Park Beyond Review – Life Is A Rollercoaster
Promising an unconventional approach to rollercoaster construction as players design the theme park of their dreams, Limbic Entertainment’s Park Beyond is yet another business-building simulator that attempts to blend “unlimited” creativity with fiscal responsibility. A familiar pitch with some quirky set dressing, you’ll create your own custom coasters, plop down drag-and-drop shops, and hire staff to create a successful venture that’s profitable and exciting – but most importantly, profitable.
Despite a feature-length tutorial in custom coaster construction, Park Beyond’s campaign starts strong by consistently letting you tinker with exciting new mechanics, empowering you to unleash your wildest creations in dusty deserts and lush alpine forests. But as I started to balance my building around the proposed financial and spacial limits, I felt my creativity was quickly kneecapped by frustrating forced goals.

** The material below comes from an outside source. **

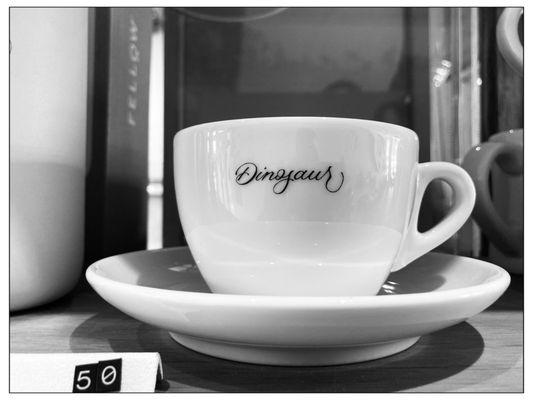 Espresso mug for sale. #bnwphoto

Simulations are always a balancing act between resources and imagination. However, the finickiness and overcomplication of some of Park Beyond’s tasks made for play sessions where, more often than not, I was sitting at my desk fast-forwarding through in-game months to trudge through dull, unskippable busywork. Surprisingly, making my toilets profitable was not on my “Build Your Dream Theme Park” bingo card.
Not all building systems are made equal in Park Beyond, with different types of customization arriving with different rules. Where the prefab buildings and custom coaster builds use a modular placement system and require specific amounts of space, miscellaneous decorative items like trees and rocks can be placed freeform onto your structures. This made manipulating the space an approachable process and encouraged me to create organic and appealing environments. One nice addition was the ability to completely customize shops by building extensions around a base structure which, with significant effort, can result in a truly bespoke creation. However, this method does come with some caveats, as it can get a little finicky and time-consuming when you get into the weeds of roofing and signage.
Your park’s success depends on three main requirements: Money, Fun, and Amazement. Each ride, shop, toilet, and staff member contributes in differing amounts, meaning you’ll be spinning plates to keep the lights on. Amazement is the most compelling currency, as it allows you to “Impossify” your rides, shops, and staff, adding visual flair and increasing their efficiency. This lets you meaningfully develop and personalize your setup, but the slow burn of filling up the meter eventually became a chore.
Despite its pacing stumbles, Park Beyond succeeds with its delightful animations and dramatic ride designs that made my stomach twist and turn. There’s a wonderful twinkling ambiance in the evenings too, and this let me clock out of my fiscal fears occasionally so I could enjoy the zany world I’d built in peace. Though, that all comes crashing down as the sun rises the next morning, and you notice your margins aren’t good enough to fund your latest silly endeavor.
Sandbox Mode ended up becoming a refreshing alternative, where I could focus on my own design dreams without the ceaseless interventions. Here you can decide on a starting budget and location and set specific goals curating your own set of challenges. While you still have to manage your dreams, I finally felt like I was my own boss. I could build and experiment with greater depth while accepting financial defeat – which feels like a better distillation of the game’s ambitions.
Even with its twisted takes on nostalgic ride designs and copious whimsical fanfare, I was left feeling deflated by Park Beyond’s business-oriented objectives and lack of investment in unbridled player creativity. For a game that endeavors to push the limits of your imagination, it’s a little too concerned with whether you’re tall enough to ride.